Well I backed off on him, quit initiating after a conversation about it, and decided to let him come to me, because of the performance issue, after posting on here, and some mentioned "anxiety" after the first time it happens. The last couple times we have had relations he has been able to complete, but again, not as hard, not as passionate, and he used to be at me all the time for sex, it just suddenly stopped (and this was right when my drive picked up) it was most bizzare of timing actually which is what caused my anxiety to go haywire combined with the other relationship problems we were having. We are working on things. And when he mentioned the doctor that was all it was, a mention, he is working out, he is healthy, no meds to cause any issues, first blamed it on my initiating more, then blamed it on stress, then finally said I don't know what it is... so that is when I said I will back off, and I have.... so actually talking thru this with you guys I realize that I need to get over it and find my desire again... it's just so hard after pushing it away and pushing it away.... and giving him what he wants when he wants it. (Which even when I was LD I was nowhere like some of the men on here mention their wives are, still had sex 1-2 times a week, just kinda fell into the duty sex roll, not really into it, didn't go the extra mile, that kindo of LD and he wanted every day so he did get some rejection... and he always asked for Bjs, which I didn't do until getting on here and reading of the importance) He has in the last several months now gotten them consistently as he wants them or even unpromoted, but I even backed off of that over the last month because I thought maybe I was doing that too much and taking away his desire to want the "Real" me. I don't know... just in a rut I guess... and wanting to get out of it faster than we are. We have made progress in other areas... 
Spending more quality time together, having fun together, flirting here and there, but for him, he only does it when he wants something.... prime example, I asked him to communicate with me more during the day when he is at work, like send me a sexy or sweet text just to say hi.... a whole week goes by and he doesn't do it. One night he calls and texts to say hi. I am thinking oh great, we are gonna have a good night.... no, he came home and wanted to know if he could get on the video game with his friends so he was basicly putting in deposits to withdrawl selfish things. :/
Whereas all my deposits have been simply to build up our relationship, get my husband back.... maybe some selfish motives of feeling wanted again, like truely wanted, not just because he needs to get off... kwim?


----------



## MWD (Jul 16, 2012)

livelaughlovenow said:


> I don't recall however making him feel like "nothing" in between time... I still showed attention, affection and love, etc... he is just kind of dry in between which makes it hard now that my drive is down due to the stress of all of it, for me to just be ready to go when he expects me to. So frustrating. I had an intense drive for months and got no response, or rejection, or was unable to please him, all turnoffs, and mentally exhausted me and made me feel unattractive and unwanted, undesired by him....over the past month was even more so... so my drive now is mental. I guess now I need to go back to the things I used to do in my LD days to get in the mood myself just for his needs..... sucks.

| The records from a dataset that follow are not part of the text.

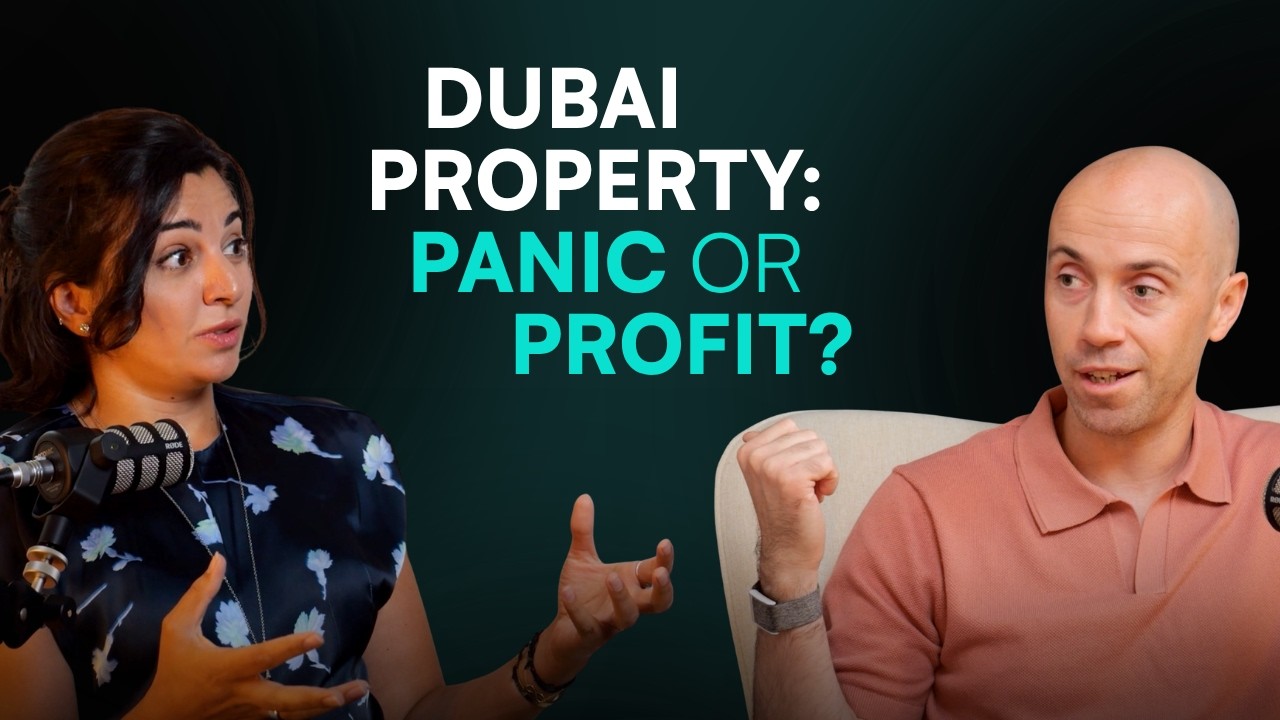 Ranime El Skaff, CEO and Co-Founder of Prop-AI, in conversation with Gary Blowers on Block by Block Episode 4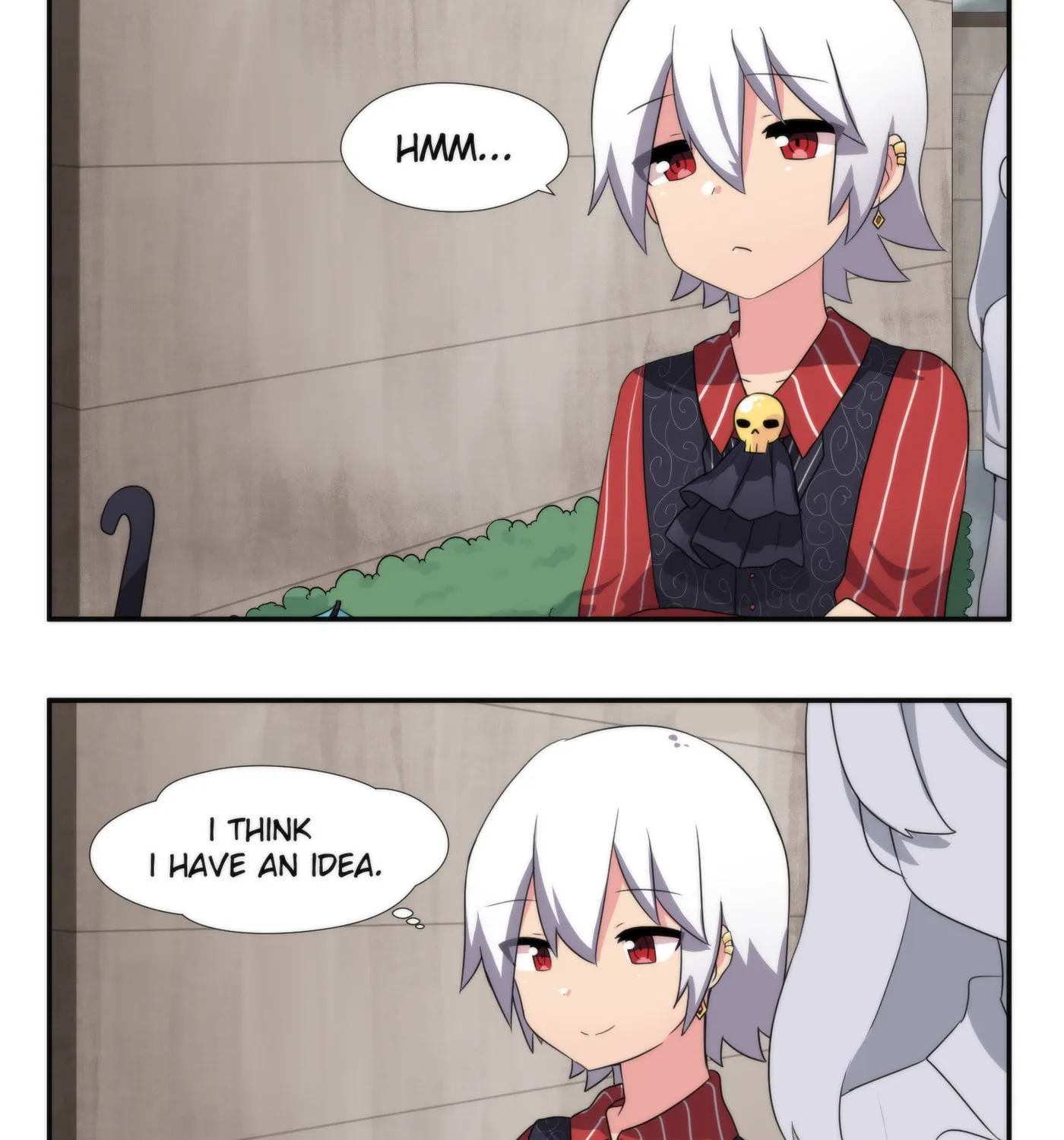 My Incubus Boyfriend (Colored) Chapter 14 page 9 - 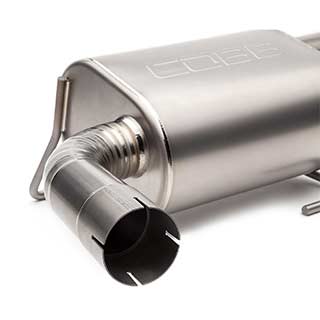 Subaru Titanium Cat-back Exhaust WRX 2022-2025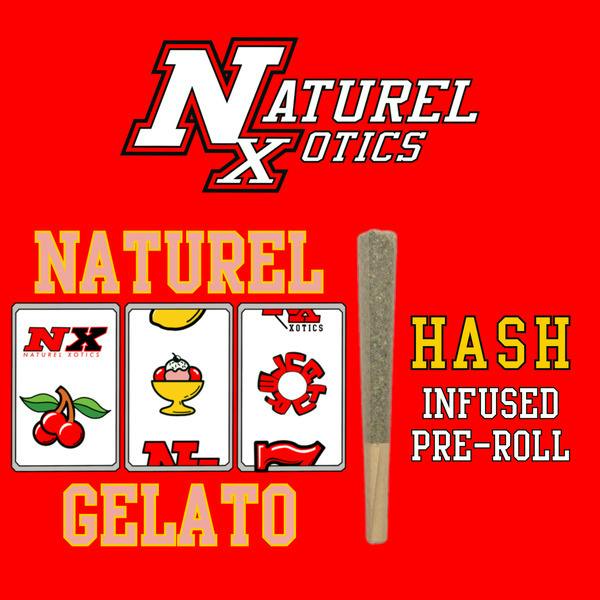 Nx Gelato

Did you ask him how you made him feel? As is often pointed out on this forum, men and women are very different. I wouldn't say that I feel like "nothing" when my SO has not been in the mood, but I certainly do not feel good about it. It made me feel unwanted, undesired, and alone. I never volunteered that information to my SO, but I do know that she never asked, only felt that if she wasn't in the mood, I should respect that and leave her alone. I looked at it as 'she doesn't want me, so I must have done something wrong' or that her feelings for me had changed. I certainly never talked to her about that because that is not what most men do. 

Do not try to guess what is going on in his mind. Just as him trying to guess what is going on in yours, you will probably end up wrong and frustrated. 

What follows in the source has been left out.